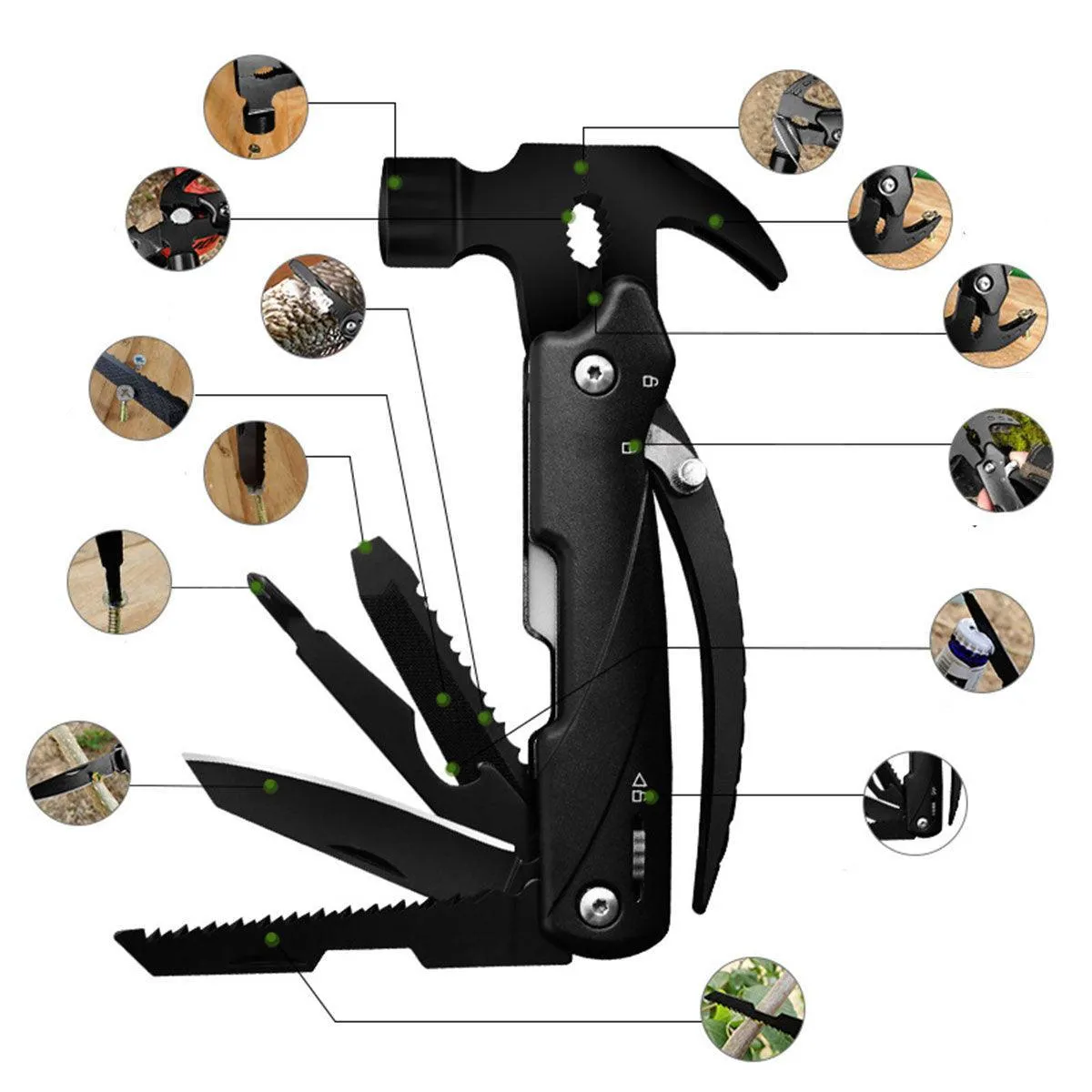 Multi-purpose Crate Hammer Nail Lifting Life-saving Pliers Tool Outdoor Camping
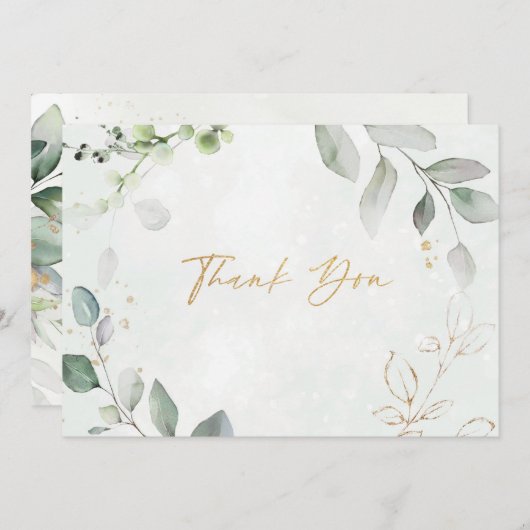Gouden Glitter Eucalyptus Bruiloft Dank u kaart (Voorkant / Achterkant)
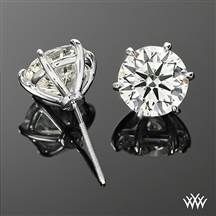 6 Prong Round Solitaire Stud Earrings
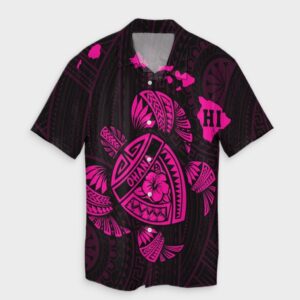 Hawaiian Map Turtle Ohana Hibicus Hawaiian Shirt - Pink  - Thelegend59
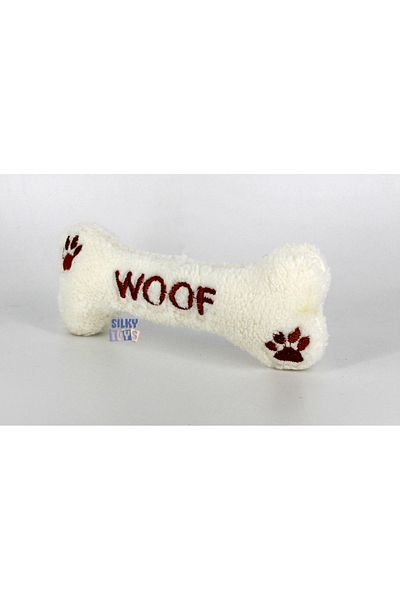 Silky Toys - Plush Toy for Dogs - Woof Bone / 16cm / White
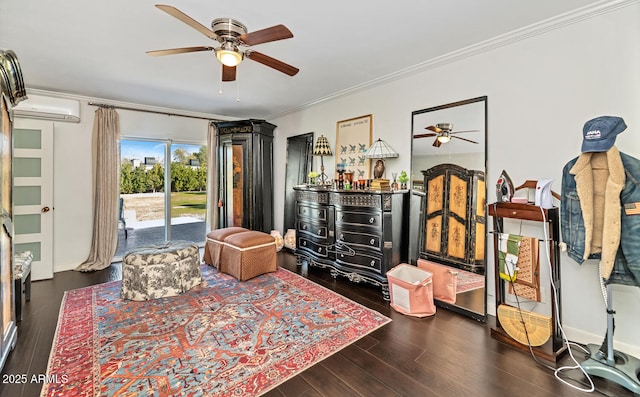 bedroom featuring crown molding, a ceiling fan, an AC wall unit, wood finished floors, and access to outside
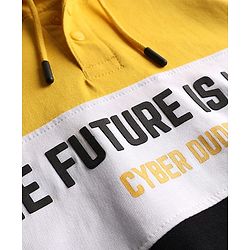 Pine Kids 100% Cotton Knit Full Sleeves Text Printed Hooded Sweatshirt - Yellow Black & White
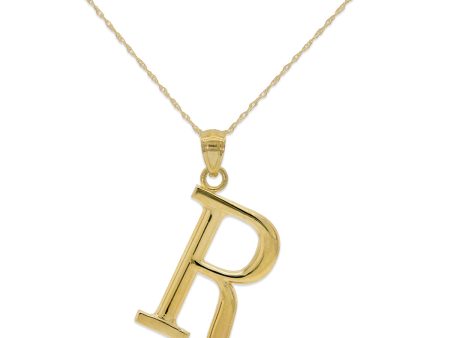 10KT Yellow Gold 18-inch 30MM Initial Pendant; Initial R on Sale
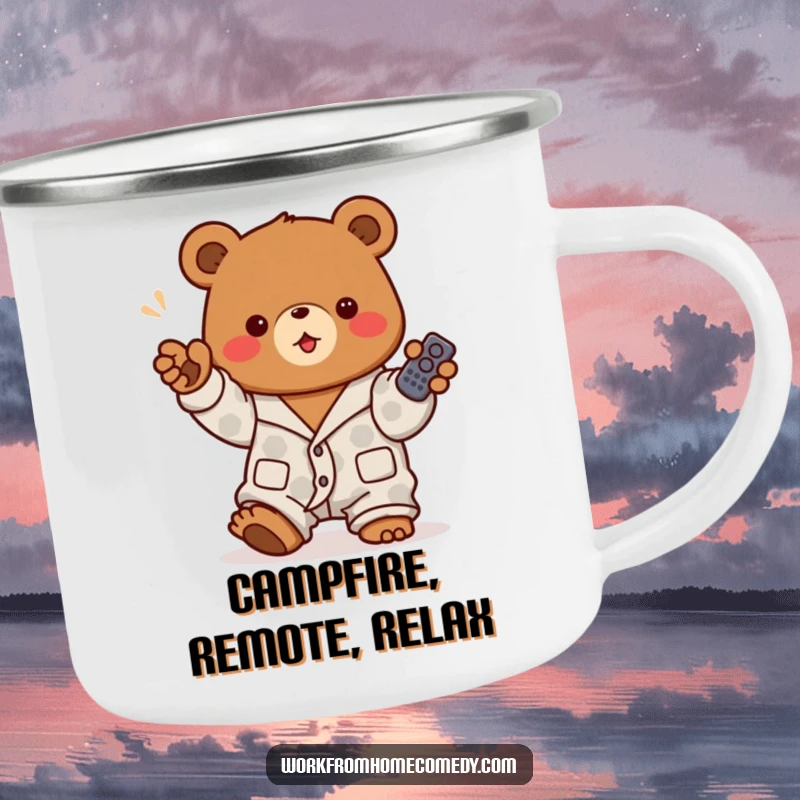 Funny brown bear in pajamas holding a remote control on a camping mug, ready to command the great outdoors with humor.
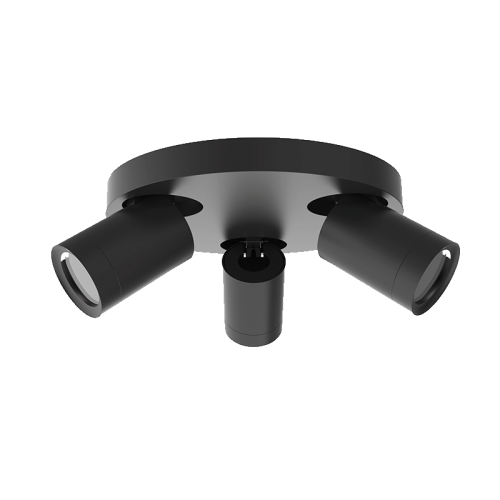 PLAFONDARMATUUR | LEd040 | ROND | 3xGU10 | ZWART - 10098-armatuur rond 3 gu10 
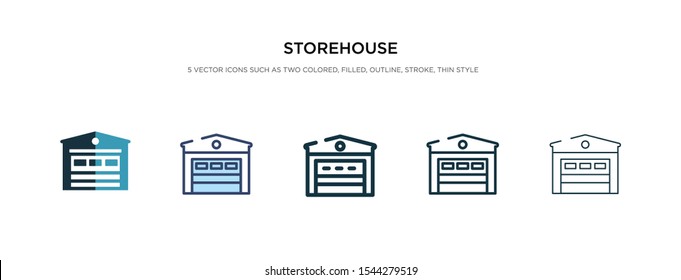 storehouse icon in different style vector illustration. two colored and black storehouse vector icons designed in filled, outline, line and stroke style can be used for web, mobile, ui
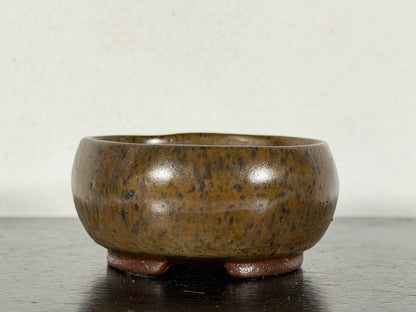Preowned Japanese Tokoname Glazed Round Bonsai Pot With Stamp - 2.25” By 1 1/8”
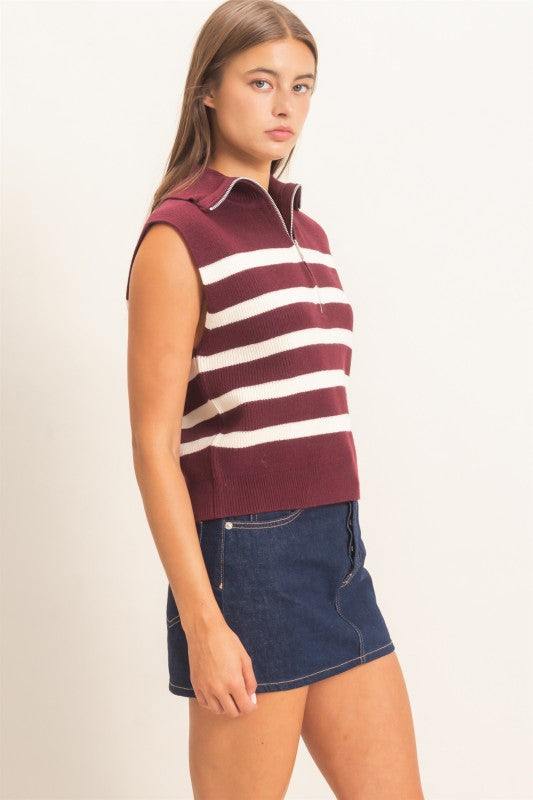 Sleeveless Stripe Sweater
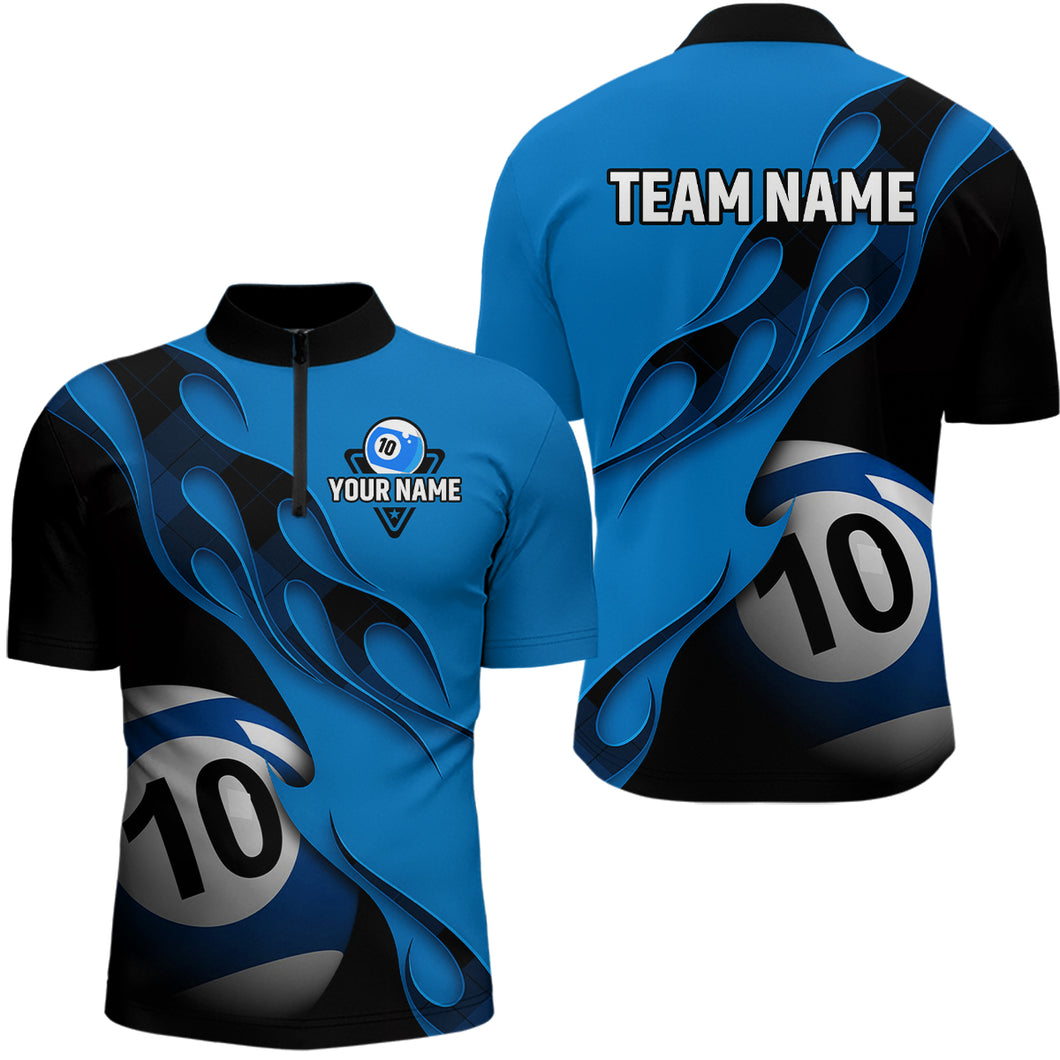 Flame Ball 10 Billiard Men Quarter-Zip Shirts Custom Name, Billiard Shirt Design YYD0077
★ ★ ★ ★ ★ ★ ★
YOUR INSTRUCTIONS:
The entries above are to be returned exactly, without their pictures.

RESULT FOR THIS TASK:
 Multi-purpose Crate Hammer Nail Lifting Life-saving Pliers Tool Outdoor Camping
Gouden Glitter Eucalyptus Bruiloft Dank u kaart (Voorkant / Achterkant)
 6 Prong Round Solitaire Stud Earrings
 Hawaiian Map Turtle Ohana Hibicus Hawaiian Shirt - Pink  - Thelegend59
 Silky Toys - Plush Toy for Dogs - Woof Bone / 16cm / White
 bedroom featuring crown molding, a ceiling fan, an AC wall unit, wood finished floors, and access to outside
 Pine Kids 100% Cotton Knit Full Sleeves Text Printed Hooded Sweatshirt - Yellow Black & White
 10KT Yellow Gold 18-inch 30MM Initial Pendant; Initial R on Sale
 Funny brown bear in pajamas holding a remote control on a camping mug, ready to command the great outdoors with humor.
 PLAFONDARMATUUR | LEd040 | ROND | 3xGU10 | ZWART - 10098-armatuur rond 3 gu10 
 storehouse icon in different style vector illustration. two colored and black storehouse vector icons designed in filled, outline, line and stroke style can be used for web, mobile, ui
Preowned Japanese Tokoname Glazed Round Bonsai Pot With Stamp - 2.25” By 1 1/8”
 Sleeveless Stripe Sweater
 Flame Ball 10 Billiard Men Quarter-Zip Shirts Custom Name, Billiard Shirt Design YYD0077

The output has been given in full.